Vulkanstraße
- Interactive map of Vulkanstraße
- Location: Duisburg, North Rhine-Westphalia, Germany
- Coordinates: 51°25′51″N 6°45′08″E﻿ / ﻿51.430963°N 6.752358°E

Other
- Known for: Prostitution

= Vulkanstraße =

Street in Duisburg, Germany

The Vulkanstraße (/de/, lit. 'Volcano Street') is a street in Duisburg, Germany that is the location of the city's red-light district. There are a number of brothels in the street including Laufhaus. It is the largest red-light district in the state of North Rhine-Westphalia.

The brothels in Vulkanstraße had a total of 432 rooms in mid-2013. According to an estimate by the Express, the operators generate a seven-digit profit per month.

On October 31, 2009 there were massive clashes between the Bandidos and the Hells Angels in Vulkanstraße. The local police had to call in the Bereitschaftspolizei (riot police) for reinforcements.
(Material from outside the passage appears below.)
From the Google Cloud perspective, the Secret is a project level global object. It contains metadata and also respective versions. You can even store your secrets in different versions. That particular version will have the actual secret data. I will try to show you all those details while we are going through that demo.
While the Bandidos controlled the Ruhr area, the Hells Angels claimed the Rhineland for themselves; interests overlap in Duisburg. Other competitors included the Satudarah.
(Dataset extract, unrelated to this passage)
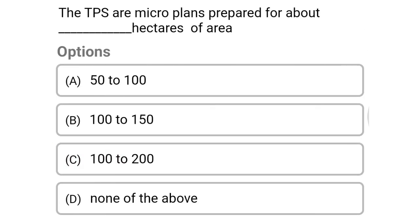Next question: the TPS are micro plans prepared for about how many sectors of area — option A, 50 to 100; option B, 100 to 150; option C, 100 to 200; option D, none of the above. The correct answer is option C, 100 to 200.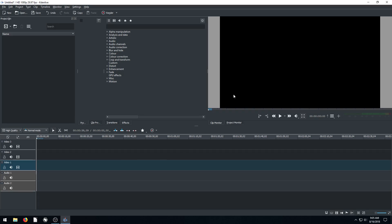Hey guys, welcome to this first video in a series of tutorials teaching how to use Kdenlive.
In 2011 there were plans to move the red-light district to Duisburg, but there was strong opposition. The Vulkanstraße could not be closed without providing an alternate venue. "This would amount to a professional ban and would not be accepted by the courts," according to the city administration. Later in the same year the construction of another brothel on the Vulkanstraße was approved by the District Council.

Legal disputes began in 2012 over the "brothel tax" introduced by Duisburg. The city's revenue from the tax was estimated to be 500,000 euros.

In 2013, the Greens and leftists in the Duisburg city council called for an advice centre for prostitutes. The "Lily" advice centre was set up in 2015. In their annual report in 2016, Lily reported that 500 women worked as prostitutes and the area, in 10 brothels with 440 rooms. They also reported a high proportion of STIs amongst the women.